Thanks for this comment. I'm only nominally familiar with Asperger syndrome,
but from what you say here it does sound consistent with Liam's behavior.

As time has progressed since this incident occurred, I have adopted various
opinions about Liam's psychological profile. As I said in my article, at first
it was necessary for me to believe he had some sort of disorder in order to
forgive him.

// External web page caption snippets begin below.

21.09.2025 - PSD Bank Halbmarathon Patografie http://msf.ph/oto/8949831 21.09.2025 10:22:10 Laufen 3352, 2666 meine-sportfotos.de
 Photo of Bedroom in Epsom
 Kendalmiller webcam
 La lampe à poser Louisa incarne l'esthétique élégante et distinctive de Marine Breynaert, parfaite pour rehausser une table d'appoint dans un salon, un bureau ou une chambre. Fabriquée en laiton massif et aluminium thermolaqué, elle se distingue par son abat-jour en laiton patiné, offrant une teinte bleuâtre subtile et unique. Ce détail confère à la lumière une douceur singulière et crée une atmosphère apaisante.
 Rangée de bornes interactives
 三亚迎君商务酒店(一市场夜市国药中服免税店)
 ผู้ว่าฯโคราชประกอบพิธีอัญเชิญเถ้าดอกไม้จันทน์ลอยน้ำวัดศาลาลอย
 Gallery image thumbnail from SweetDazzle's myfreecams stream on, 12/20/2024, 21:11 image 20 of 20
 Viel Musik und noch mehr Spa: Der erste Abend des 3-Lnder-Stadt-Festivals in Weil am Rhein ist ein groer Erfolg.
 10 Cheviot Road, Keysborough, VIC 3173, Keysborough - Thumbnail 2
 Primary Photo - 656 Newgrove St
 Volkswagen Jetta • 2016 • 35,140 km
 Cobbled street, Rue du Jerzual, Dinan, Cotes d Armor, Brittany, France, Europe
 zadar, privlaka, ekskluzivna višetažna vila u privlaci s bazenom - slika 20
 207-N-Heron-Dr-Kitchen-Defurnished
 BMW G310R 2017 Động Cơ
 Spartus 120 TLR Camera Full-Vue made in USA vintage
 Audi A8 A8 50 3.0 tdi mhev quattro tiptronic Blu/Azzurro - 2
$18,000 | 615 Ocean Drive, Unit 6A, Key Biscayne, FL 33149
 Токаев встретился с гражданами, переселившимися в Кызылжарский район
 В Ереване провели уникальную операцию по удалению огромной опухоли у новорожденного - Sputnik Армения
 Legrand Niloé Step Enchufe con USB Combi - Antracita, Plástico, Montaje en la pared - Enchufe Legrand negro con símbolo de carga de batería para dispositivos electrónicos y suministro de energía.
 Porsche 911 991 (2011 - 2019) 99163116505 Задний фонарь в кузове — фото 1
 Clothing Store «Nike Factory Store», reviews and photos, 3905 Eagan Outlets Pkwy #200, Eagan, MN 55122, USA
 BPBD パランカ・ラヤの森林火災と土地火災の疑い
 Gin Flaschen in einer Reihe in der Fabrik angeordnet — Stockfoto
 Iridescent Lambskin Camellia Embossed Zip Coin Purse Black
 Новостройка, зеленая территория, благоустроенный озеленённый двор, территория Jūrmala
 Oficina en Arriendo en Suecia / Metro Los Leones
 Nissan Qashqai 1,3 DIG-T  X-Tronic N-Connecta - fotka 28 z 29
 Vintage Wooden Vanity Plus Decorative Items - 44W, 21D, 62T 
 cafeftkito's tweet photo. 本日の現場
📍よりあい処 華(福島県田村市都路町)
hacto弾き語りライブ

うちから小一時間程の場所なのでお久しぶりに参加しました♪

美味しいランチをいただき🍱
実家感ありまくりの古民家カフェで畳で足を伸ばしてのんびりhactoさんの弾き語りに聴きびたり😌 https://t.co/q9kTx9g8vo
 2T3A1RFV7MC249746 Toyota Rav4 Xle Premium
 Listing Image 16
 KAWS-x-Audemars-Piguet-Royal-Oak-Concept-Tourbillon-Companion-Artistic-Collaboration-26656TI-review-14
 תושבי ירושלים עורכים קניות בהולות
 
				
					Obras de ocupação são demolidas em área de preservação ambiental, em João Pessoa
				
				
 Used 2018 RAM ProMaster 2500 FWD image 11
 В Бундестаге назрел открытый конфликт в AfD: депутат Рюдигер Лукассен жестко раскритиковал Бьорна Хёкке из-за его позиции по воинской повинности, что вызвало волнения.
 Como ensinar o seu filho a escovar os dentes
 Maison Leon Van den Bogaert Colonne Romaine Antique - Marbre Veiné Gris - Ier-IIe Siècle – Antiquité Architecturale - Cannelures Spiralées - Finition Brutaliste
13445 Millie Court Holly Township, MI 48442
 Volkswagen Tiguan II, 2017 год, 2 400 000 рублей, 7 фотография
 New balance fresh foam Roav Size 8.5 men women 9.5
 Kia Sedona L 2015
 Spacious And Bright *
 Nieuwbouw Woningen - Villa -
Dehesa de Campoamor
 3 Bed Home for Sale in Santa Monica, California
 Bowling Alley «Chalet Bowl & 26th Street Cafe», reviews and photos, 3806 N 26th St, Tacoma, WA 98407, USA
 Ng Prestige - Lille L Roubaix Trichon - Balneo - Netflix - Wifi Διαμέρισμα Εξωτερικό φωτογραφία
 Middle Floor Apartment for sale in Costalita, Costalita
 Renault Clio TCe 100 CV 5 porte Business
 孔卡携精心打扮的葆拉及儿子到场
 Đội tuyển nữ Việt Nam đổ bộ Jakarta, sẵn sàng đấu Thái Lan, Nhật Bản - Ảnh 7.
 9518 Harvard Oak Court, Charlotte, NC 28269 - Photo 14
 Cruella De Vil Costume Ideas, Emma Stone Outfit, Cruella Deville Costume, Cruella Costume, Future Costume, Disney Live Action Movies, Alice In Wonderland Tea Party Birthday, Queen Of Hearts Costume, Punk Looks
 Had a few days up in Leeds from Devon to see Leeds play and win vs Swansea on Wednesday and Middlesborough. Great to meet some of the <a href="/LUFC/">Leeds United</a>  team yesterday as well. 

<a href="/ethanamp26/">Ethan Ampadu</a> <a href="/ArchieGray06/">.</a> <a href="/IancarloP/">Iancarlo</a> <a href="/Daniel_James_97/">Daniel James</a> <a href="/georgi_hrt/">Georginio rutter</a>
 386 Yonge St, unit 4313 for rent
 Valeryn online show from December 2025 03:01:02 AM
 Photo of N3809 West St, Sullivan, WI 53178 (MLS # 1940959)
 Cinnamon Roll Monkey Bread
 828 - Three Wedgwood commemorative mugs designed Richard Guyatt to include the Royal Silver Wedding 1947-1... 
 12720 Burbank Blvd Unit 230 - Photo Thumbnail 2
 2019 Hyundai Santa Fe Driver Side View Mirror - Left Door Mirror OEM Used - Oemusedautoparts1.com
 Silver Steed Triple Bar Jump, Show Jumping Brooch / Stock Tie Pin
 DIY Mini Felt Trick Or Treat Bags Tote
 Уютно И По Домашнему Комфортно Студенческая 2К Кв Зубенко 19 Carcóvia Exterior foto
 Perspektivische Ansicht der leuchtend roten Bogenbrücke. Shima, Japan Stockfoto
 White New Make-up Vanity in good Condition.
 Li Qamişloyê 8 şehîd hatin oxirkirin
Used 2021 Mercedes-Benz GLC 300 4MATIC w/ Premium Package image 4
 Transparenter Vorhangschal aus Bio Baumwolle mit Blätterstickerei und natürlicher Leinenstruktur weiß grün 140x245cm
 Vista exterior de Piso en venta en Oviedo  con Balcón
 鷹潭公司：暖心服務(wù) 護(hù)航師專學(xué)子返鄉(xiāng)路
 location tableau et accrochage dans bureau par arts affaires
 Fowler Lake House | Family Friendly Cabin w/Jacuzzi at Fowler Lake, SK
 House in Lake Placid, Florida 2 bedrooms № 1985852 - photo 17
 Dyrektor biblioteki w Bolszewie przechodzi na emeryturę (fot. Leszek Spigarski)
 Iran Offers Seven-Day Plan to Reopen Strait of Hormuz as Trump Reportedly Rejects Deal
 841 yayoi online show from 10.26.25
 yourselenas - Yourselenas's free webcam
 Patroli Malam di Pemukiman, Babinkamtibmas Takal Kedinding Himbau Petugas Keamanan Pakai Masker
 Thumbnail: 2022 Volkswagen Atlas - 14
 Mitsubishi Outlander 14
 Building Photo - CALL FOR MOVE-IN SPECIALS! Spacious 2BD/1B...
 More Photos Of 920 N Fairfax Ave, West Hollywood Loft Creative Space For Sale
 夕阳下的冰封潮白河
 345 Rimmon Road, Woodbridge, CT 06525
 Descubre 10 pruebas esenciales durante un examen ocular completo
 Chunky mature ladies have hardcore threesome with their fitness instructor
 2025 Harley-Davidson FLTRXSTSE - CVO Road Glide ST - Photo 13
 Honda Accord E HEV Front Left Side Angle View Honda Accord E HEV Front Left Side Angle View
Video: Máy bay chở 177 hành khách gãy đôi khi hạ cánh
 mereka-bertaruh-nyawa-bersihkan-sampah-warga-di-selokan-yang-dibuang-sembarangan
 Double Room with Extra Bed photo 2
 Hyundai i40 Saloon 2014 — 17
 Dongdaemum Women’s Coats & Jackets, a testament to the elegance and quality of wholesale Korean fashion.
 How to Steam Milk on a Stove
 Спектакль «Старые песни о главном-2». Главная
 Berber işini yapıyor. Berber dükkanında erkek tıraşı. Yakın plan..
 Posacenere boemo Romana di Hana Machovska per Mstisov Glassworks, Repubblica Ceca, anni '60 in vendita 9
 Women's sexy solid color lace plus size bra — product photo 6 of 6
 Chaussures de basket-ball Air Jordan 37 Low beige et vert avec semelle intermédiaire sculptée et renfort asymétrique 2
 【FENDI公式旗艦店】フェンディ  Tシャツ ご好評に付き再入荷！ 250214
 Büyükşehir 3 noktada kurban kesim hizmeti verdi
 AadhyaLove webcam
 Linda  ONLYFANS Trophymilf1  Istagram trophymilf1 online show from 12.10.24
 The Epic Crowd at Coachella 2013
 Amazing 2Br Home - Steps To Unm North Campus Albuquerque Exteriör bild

At other times, I needed to completely ignore it. Giving any
thought to it felt like an attempt to excuse or justify his actions, and I
needed someone to say "It doesn't matter. What he did is still wrong." Now I
have enough emotional distance from it where I'm interested in what happened
from an academic point of view. If Liam is suffering from an undiagnosed and
untreated medical condition that could provide even a partial explanation for
why he behaved as he did, I'm interested in that.

In Liam's specific case I do feel like male privilege, entitlement, and
outright chauvinism played a role (I say this because of the blog post he
wrote and other chauvinistic behaviors I witnessed). It may be possible that
these character traits were born out of male privilege + Aspergers.

I am sorry that you went undiagnosed and treated for so long, and that you
were bullied. Craving and needing human connections but largely being unable
to attain them sounds like hell on earth to me. Especially when you don't know
how to acquire those skills on your own and you aren't getting the help you
need because no one understands the problem. I am quite sure I cannot begin to
fathom the misery and despair you must have felt.

I'm very glad to hear you're doing better now.